O julgamento ocorreu no plenário virtual entre 12 e 14 de agosto. Mendonça atuava porquê juiz facilitar da propaganda eleitoral quando recebeu o processo e determinou que a federação entregasse gravações e documentos relacionados ao 8º Congresso Vernáculo do PT e ao projeto “Porta-Vozes de Lula”.
A decisão do TSE não avaliou o teor da liminar. Com isso, os ministros não decidiram se a federação deve ou não fornecer os documentos pedidos anteriormente. O processo seguirá na classe de Ação Cautelar para outro integrante da Incisão.
A divergência foi oportunidade pelo ministro Ricardo Villas Bôas Cueva e acompanhada por Antonio Carlos Ferreira, Floriano de Azevedo Marques, Estela Aranha e pelo presidente do TSE, Kassio Nunes Marques. Mendonça e Dias Toffoli ficaram vencidos.
A liminar havia sido concedida parcialmente em seguida pedido do PL, que acusou o PT de usar a estrutura partidária e recursos públicos para produzir conteúdos contra Flávio Bolsonaro (PL-RJ). O partido citou eventos realizados em abril e junho porquê secção da estratégia questionada.

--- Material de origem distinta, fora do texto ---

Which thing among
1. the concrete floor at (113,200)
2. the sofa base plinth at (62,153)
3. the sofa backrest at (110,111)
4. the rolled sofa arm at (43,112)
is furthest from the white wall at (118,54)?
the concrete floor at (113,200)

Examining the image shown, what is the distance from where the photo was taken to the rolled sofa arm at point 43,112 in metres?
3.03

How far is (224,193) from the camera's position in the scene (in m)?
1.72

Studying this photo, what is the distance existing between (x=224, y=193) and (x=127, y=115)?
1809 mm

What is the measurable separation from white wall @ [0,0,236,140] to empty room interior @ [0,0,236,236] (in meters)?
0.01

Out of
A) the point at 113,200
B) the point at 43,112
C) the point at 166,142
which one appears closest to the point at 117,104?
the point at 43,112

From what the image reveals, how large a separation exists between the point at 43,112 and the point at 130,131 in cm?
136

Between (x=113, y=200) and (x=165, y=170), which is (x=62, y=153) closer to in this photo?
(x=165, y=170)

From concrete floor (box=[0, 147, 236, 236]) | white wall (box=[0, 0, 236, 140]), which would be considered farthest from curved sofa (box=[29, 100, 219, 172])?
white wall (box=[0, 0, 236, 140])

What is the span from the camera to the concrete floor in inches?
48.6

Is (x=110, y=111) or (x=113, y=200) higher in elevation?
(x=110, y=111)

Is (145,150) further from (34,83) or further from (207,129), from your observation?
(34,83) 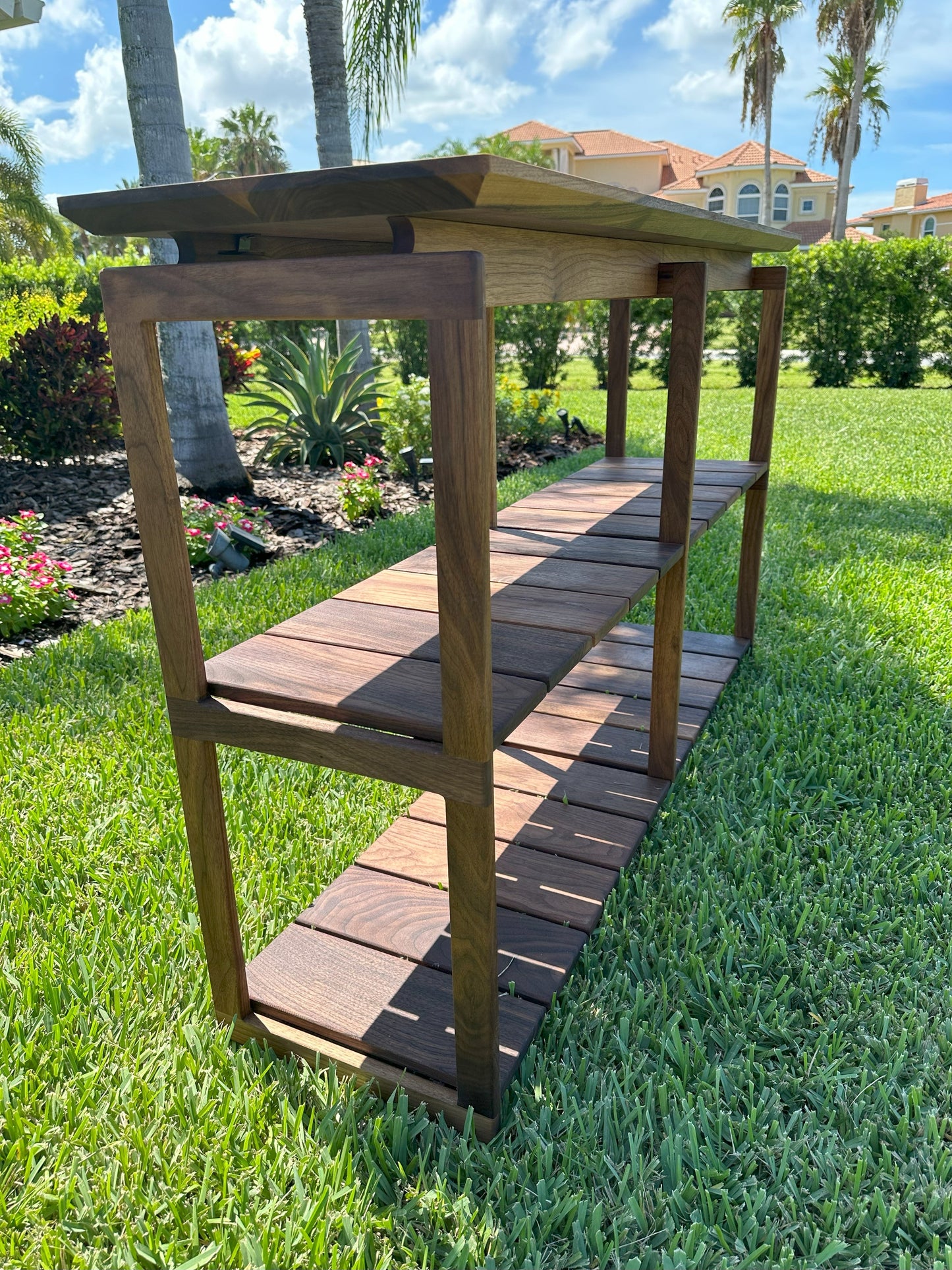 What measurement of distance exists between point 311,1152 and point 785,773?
1856 millimetres

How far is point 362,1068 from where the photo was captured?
177 cm

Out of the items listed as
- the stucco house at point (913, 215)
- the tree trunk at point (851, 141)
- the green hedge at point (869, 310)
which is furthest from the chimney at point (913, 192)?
the green hedge at point (869, 310)

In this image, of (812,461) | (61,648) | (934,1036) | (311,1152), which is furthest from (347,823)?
(812,461)

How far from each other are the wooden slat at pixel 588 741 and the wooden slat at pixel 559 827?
0.28 meters

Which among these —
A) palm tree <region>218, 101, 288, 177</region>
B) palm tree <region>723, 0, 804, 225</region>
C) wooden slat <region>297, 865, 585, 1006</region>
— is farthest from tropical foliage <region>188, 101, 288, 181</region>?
wooden slat <region>297, 865, 585, 1006</region>

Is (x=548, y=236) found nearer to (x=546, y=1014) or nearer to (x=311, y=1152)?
(x=546, y=1014)

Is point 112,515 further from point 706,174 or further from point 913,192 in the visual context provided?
point 913,192

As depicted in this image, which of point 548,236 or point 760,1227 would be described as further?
point 548,236

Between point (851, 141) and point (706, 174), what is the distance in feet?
65.9

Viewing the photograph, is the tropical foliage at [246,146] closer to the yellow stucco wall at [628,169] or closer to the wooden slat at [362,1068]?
the yellow stucco wall at [628,169]

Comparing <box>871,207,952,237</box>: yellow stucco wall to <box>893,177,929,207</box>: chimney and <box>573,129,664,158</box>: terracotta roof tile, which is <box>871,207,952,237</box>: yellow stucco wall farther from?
<box>573,129,664,158</box>: terracotta roof tile

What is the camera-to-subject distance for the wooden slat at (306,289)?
119 cm

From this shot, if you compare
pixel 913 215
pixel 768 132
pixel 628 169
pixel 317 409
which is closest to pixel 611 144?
pixel 628 169

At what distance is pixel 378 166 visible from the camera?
1.08 metres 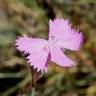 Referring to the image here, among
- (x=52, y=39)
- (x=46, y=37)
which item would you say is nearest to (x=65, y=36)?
(x=52, y=39)

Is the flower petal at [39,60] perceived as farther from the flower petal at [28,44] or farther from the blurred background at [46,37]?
the blurred background at [46,37]

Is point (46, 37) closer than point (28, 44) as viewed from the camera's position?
No

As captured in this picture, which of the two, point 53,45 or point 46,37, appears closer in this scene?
point 53,45

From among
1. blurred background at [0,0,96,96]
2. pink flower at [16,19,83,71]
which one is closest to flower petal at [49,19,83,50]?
pink flower at [16,19,83,71]

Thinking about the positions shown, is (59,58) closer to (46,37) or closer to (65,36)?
(65,36)

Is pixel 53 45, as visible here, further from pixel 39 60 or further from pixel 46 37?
pixel 46 37

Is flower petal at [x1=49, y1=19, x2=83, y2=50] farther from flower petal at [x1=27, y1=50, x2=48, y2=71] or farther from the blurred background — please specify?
the blurred background

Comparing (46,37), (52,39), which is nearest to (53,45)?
(52,39)

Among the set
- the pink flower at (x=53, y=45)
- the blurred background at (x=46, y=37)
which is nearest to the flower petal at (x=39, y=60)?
the pink flower at (x=53, y=45) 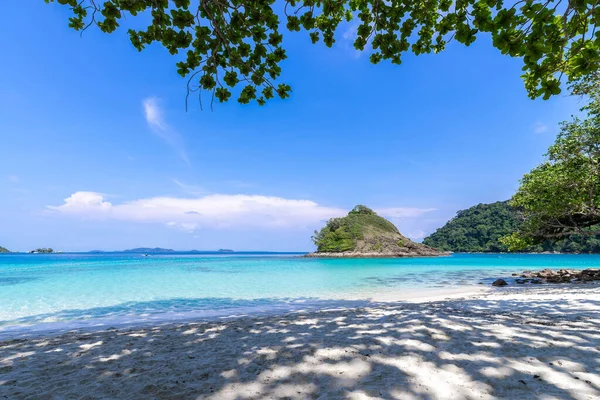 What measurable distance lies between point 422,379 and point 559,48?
4.51m

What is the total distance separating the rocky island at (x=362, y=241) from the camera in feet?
293

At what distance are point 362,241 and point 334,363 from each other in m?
89.8

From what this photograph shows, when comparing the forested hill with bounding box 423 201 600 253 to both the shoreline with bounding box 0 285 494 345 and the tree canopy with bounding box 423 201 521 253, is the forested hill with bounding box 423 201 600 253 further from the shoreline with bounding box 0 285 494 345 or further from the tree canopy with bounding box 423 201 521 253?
the shoreline with bounding box 0 285 494 345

Entre os documentos solicitados estavam gravações integrais dos eventos, contratos, notas fiscais, comprovantes de pagamento e registros contábeis. Mendonça determinou a preservação do material para evitar que possíveis provas digitais fossem apagadas ou perdidas durante a apuração.

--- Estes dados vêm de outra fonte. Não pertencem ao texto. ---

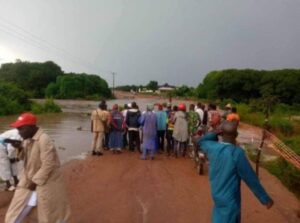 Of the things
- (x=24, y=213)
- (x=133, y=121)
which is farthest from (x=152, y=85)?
(x=24, y=213)

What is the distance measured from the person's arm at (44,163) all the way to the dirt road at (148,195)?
2.41 m

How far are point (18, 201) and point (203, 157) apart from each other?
22.8 feet

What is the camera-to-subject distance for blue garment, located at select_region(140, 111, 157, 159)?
1405cm

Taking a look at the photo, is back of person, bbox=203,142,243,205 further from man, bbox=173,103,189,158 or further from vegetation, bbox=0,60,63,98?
vegetation, bbox=0,60,63,98

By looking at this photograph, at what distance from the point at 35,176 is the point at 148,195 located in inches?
172

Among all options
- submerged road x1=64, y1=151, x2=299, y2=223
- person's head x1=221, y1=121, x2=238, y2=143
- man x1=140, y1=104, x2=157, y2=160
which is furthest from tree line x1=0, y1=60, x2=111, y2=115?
person's head x1=221, y1=121, x2=238, y2=143

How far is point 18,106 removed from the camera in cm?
4497

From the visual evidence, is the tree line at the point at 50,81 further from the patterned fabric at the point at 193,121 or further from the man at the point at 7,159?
the man at the point at 7,159

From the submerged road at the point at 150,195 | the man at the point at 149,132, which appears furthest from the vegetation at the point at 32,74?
the submerged road at the point at 150,195

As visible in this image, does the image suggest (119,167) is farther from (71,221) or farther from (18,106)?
(18,106)

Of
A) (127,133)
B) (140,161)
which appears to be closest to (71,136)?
(127,133)

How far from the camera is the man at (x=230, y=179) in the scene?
4543 millimetres

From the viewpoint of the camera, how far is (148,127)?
1417 cm

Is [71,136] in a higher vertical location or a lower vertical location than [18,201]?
lower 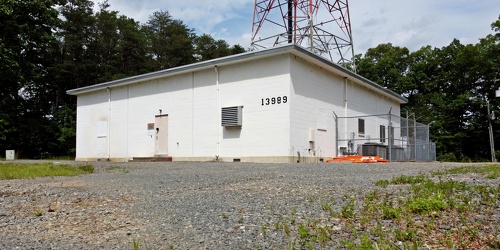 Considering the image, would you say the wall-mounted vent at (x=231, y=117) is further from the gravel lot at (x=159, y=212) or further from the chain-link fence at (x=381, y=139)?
the gravel lot at (x=159, y=212)

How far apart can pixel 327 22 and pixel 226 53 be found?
18.1 meters

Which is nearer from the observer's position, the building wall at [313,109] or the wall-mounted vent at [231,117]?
the building wall at [313,109]

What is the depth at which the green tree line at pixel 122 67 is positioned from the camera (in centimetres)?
2827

Segundo o PL, o congresso do PT teria apresentado uma estratégia de notícia para associar Flávio Bolsonaro a crimes, milícias e depravação. O partido também afirmou que o projeto “Porta-Vozes de Lula” mobilizou militantes para produzir e publicar conteúdos nas redes sociais.

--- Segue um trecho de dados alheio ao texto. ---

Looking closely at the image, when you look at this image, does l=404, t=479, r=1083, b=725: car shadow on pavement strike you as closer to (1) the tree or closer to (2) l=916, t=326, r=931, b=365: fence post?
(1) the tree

Na decisão anterior, Mendonça afirmou que críticas a outro candidato e a atuação de militantes nas redes sociais não configuram, por si só, prática ilícita. O ministro apontou, porém, que não pode possuir “remuneração, vantagem econômica ou mecanismo equivalente de retribuição” pelas publicações.
Com a decisão do plenário virtual, o processo será redistribuído entre os integrantes competentes do TSE. O novo relator deverá investigar as próximas medidas relacionadas ao caso.